内緒の双子を見つけた御曹司は、純真ママを愛し尽くして離さない
一緒に暮らしている兄には懐いているが、何度か会っている隣家の優しいおじさんにも人見知りする。

先月は頭を撫でられるくらいなら平気だったのに、先週会ったら声をかけられただけで泣いてしまったのだ。

そういう月齢だから仕方ないのだが、外出時の困りごとでもある。

「泣くと思うんです。卓也さんは、泣かれても大丈夫ですか……?」

子供たちに拒否された気分になるのではと心配し、前もって聞いてみた。

「そうか。覚悟しておく」

卓也に行かないという選択肢はないようで、申し訳なさそうに立ち上がった果歩の頭にポンと手を置いた。

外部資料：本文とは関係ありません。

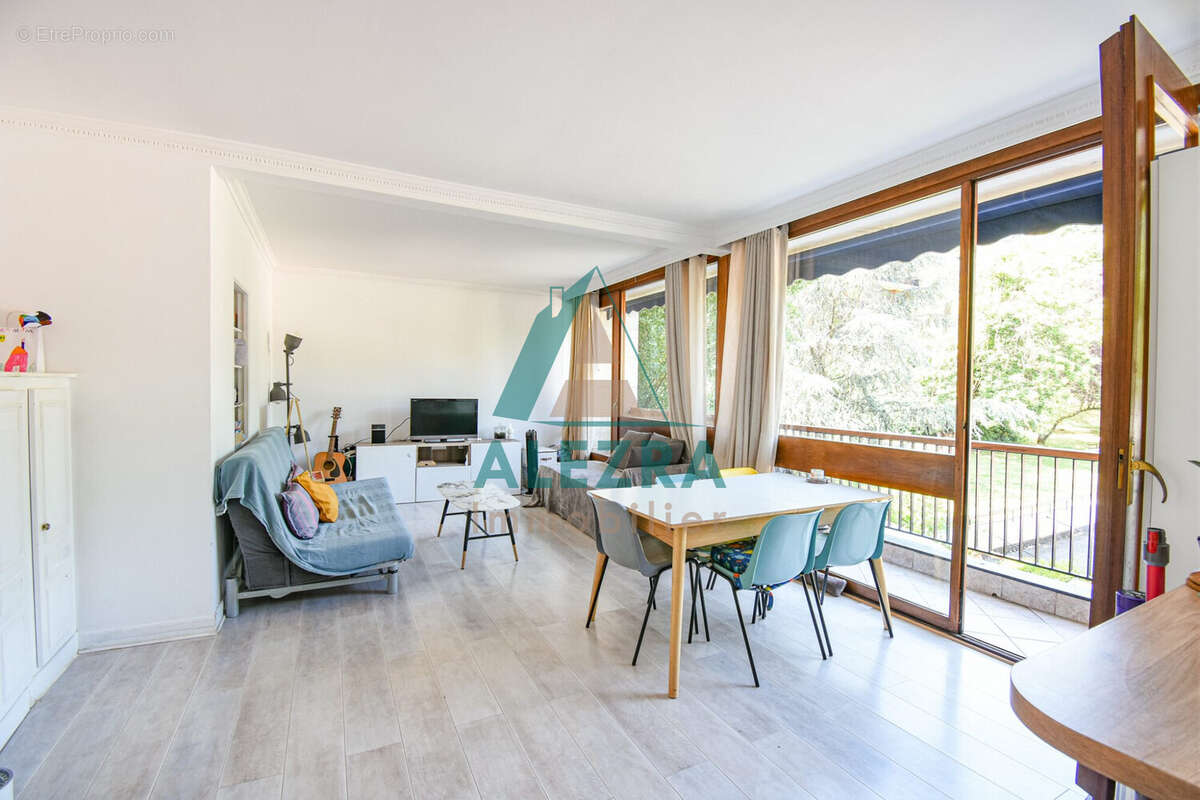 Appartement à LA CELLE-SAINT-CLOUD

「心配しないで。焦って距離を詰めようとは思っていない。子供たちが怖がらずに受け入れてくれるまで、時間をかけるつもりだよ」

「ありがとうございます」

卓也のこういった気遣いができるところも好きだったと思い出した。

果歩の気持ちをいつも気にかけてくれる優しい人で、しかし時には強引に果歩の知らない大人の世界も見せてくれた。

かつてのときめきが蘇り、果歩は鼓動を高まらせる。

頬を染める果歩の手を卓也がさりげなく取り、自分の腕にからませた。